You may also wonder what your options are if you run production environments in the AWS cloud already, or if you merely want to complement your existing AWS disaster recovery setup. Cloud environments can experience outages too, and you might want to look into a dedicated AWS disaster recovery solution that specifically protects AWS workloads and data.
Azure Disaster Recovery
Microsoft Azure has two important services for disaster recovery, namely Azure Site Recovery and Azure Storage.
Azure Site Recovery
Azure Site Recovery is a dedicated disaster recovery service that promises best-in-class recovery point objective (RPO) and recovery time objective (RTO); two key parameters that companies use as a guide when choosing disaster recovery policies and tools.
On-premise workloads, virtual environments, and workloads running in the cloud are all protected by failing over to a secondary location when using Azure Site Recovery. An important point about Azure Site Recovery is that the secondary site can be either in the Azure cloud or a secondary datacenter.

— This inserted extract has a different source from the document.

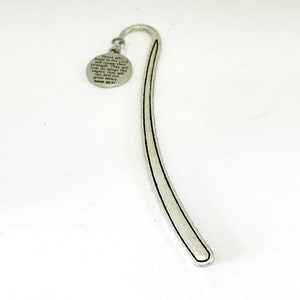 May include: Silver bookmark with a round charm featuring a bible verse: "Those who hope in the Lord will renew their strength. They will soar on wings like eagles; they will run and not grow weary." Isaiah 40:31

You can use Azure cloud storage for secure geo-redundant storage of important data for backup purposes. Azure Storage replicates your data three times within a primary region while also replicating this data to a second cloud region in case the first region experiences an outage.
Azure is the most straightforward option between the two cloud providers for many businesses. Small and medium business can quite easily use and configure Azure Site Recovery as a dedicated DR solution.
However, AWS offers more in terms of customization and different configurations, which might appeal to some organizations.
Both service providers have pay as you go pricing models, helping to avoid the high upfront costs of traditional disaster recovery methods.
DR Best Practices
Regardless of your chosen option, don’t forget some of these important disaster recovery best practices:
- Frequently test your disaster recovery plan, including the tools and services you use to help with DR.
- Set up alerts that can monitor your backup environments and alert you if they experience outages.
- Cloud-based secondary disaster recovery environments should be secured using the principle of least privilege with employee user access restricted to only the resources necessary to perform their jobs.
- Orchestration tools can help to automate the deployment of applications from on-premise data centers to the cloud after a disaster.
That wraps up this article comparing AWS and Azure’s disaster recovery solutions. If disaster strikes, consider the cloud as a means of ensuring you are properly prepared to minimize its impact on your business.